I work on LLM post-training and evaluation. The thread across my work is building the training pipeline and the benchmark that judges it. I run supervised fine-tuning, DPO, reinforcement learning with verifiable rewards (RLVR with GRPO), and reinforcement fine-tuning (RFT) on open-weight models, and I design the agent evaluation environments that measure whether the training actually moved capability.
- Model training. SFT, DPO, RLVR with GRPO, and RFT in a multi-phase pipeline on large-scale GPU infrastructure.
- Model evaluation. Agent and tool-use benchmarks built as measurement instruments, with deterministic validators, anti-contamination, and capability-vs-refusal metrics.
- Reinforcement learning. From RLVR for LLMs to classical deep RL (PPO, A3C, DQN) across my PhD research.
- AI security. A CS PhD in game-theoretic and deep RL for cyber-defense, now applied to LLM RL.
On the evaluation side I treat benchmarks as instruments. I build agent and tool-use environments with deterministic validators, anti-contamination controls, bootstrap-CI scoring, and multi-trial averaging, and I rebuild task suites when frontier models saturate them so the benchmark keeps a meaningful discriminative spread. I also work on separating real capability from safety-driven refusal, so a model is not scored as weaker than it is just because it abstains.

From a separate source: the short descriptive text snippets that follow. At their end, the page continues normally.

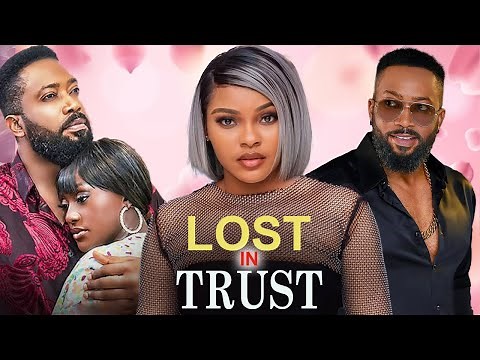 LOST IN TRUST(FULL MOVIE)FREDRICK LEONARD,SARIAN MARTIN,LINDA OSIFO,2025 LATEST NOLLYWOD MOVIE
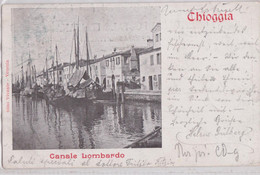 CHIOGGIA (Veneto) - Canale Lombardo - Chioggia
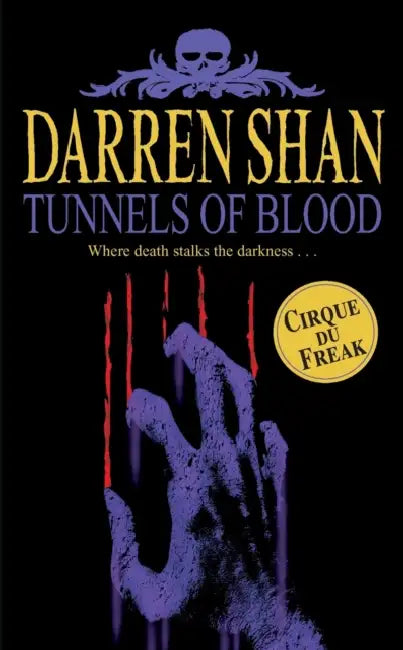 Tunnels Of Blood by Darren Shan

I am currently a Senior AI Software Engineer at Postman in San Francisco, and earlier built production ML systems (VQA, RAG, large-image computer vision) at Bobyard. My CS PhD at Virginia Tech was on game-theoretic and deep RL methods for cyber-defense, and I have 15 papers (9 first-author) on reinforcement learning, uncertainty quantification, and cybersecurity. If you are working on post-training, evaluation, RL environments, or the security side of frontier models, I would be glad to talk.
Selected tools and methods
SFT, DPO, RLVR, GRPO, RFT, reward design, agent benchmarks and evaluation environments, anti-contamination, bootstrap-CI scoring, multi-trial averaging, capability-vs-abstention metrics, PyTorch, Python, distributed GPU/CPU pipelines, deep RL (PPO, A3C, DQN), computer vision (ViT, SAM, YOLO), LoRA.